(ASSIGNMENT) Copy exactly the lines from the one containing "Unnati Silks Woven" through the last line of the records below, both included, and leave out the pictures.

• • •

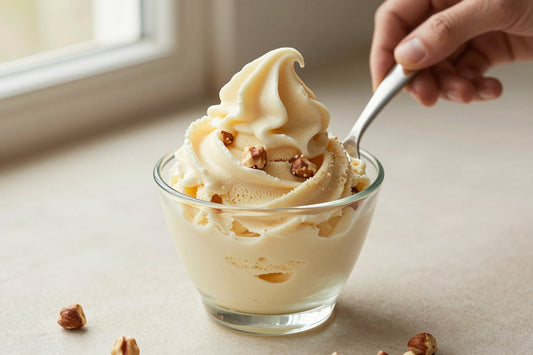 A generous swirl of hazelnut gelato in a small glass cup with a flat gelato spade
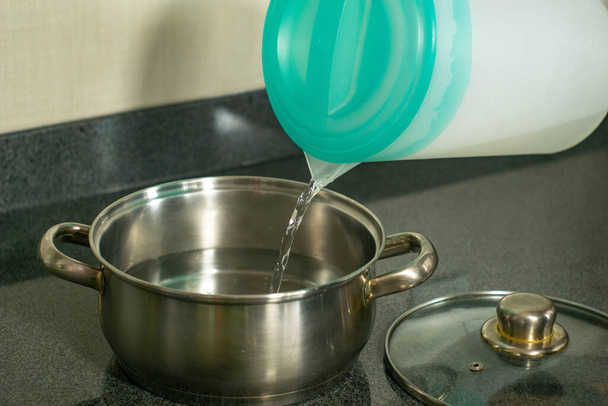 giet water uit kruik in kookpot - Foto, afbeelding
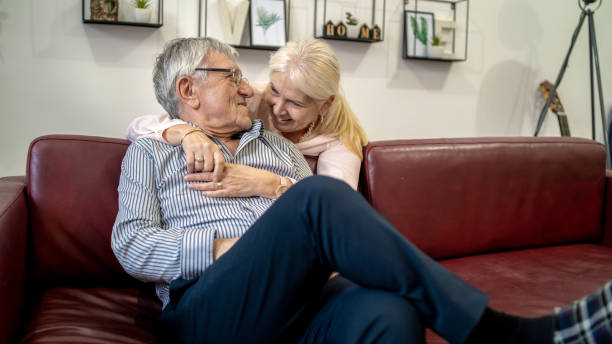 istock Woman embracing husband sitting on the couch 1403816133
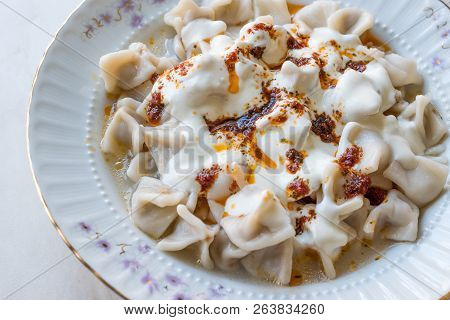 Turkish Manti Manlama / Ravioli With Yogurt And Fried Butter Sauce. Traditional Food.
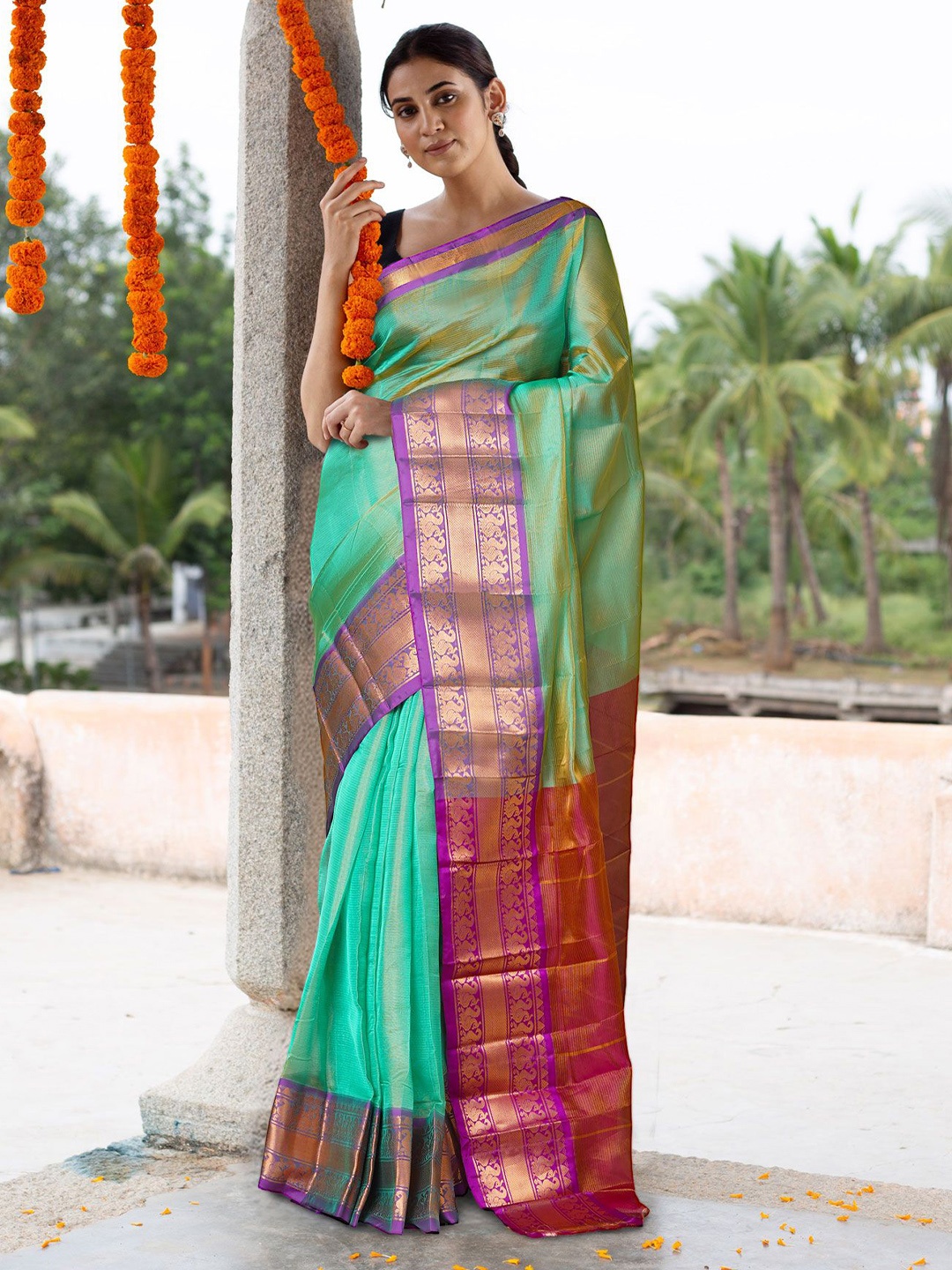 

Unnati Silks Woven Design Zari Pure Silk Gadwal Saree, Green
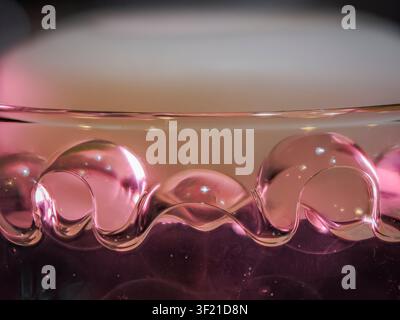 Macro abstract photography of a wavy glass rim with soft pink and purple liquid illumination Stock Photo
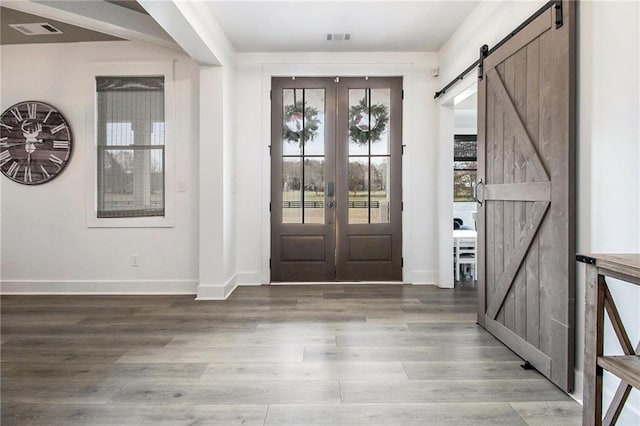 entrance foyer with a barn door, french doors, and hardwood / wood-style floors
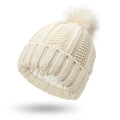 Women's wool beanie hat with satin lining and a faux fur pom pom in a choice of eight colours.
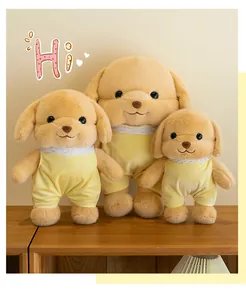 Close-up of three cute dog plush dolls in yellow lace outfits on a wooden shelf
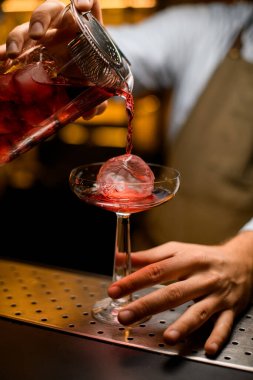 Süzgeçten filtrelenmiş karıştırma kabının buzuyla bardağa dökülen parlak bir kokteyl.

• • •

(TASK ANSWER)
Unnati Silks Woven Design Zari Pure Silk Gadwal Saree, Green
 Macro abstract photography of a wavy glass rim with soft pink and purple liquid illumination Stock Photo
 entrance foyer with a barn door, french doors, and hardwood / wood-style floors
 Women's wool beanie hat with satin lining and a faux fur pom pom in a choice of eight colours.
 Close-up of three cute dog plush dolls in yellow lace outfits on a wooden shelf
 Süzgeçten filtrelenmiş karıştırma kabının buzuyla bardağa dökülen parlak bir kokteyl.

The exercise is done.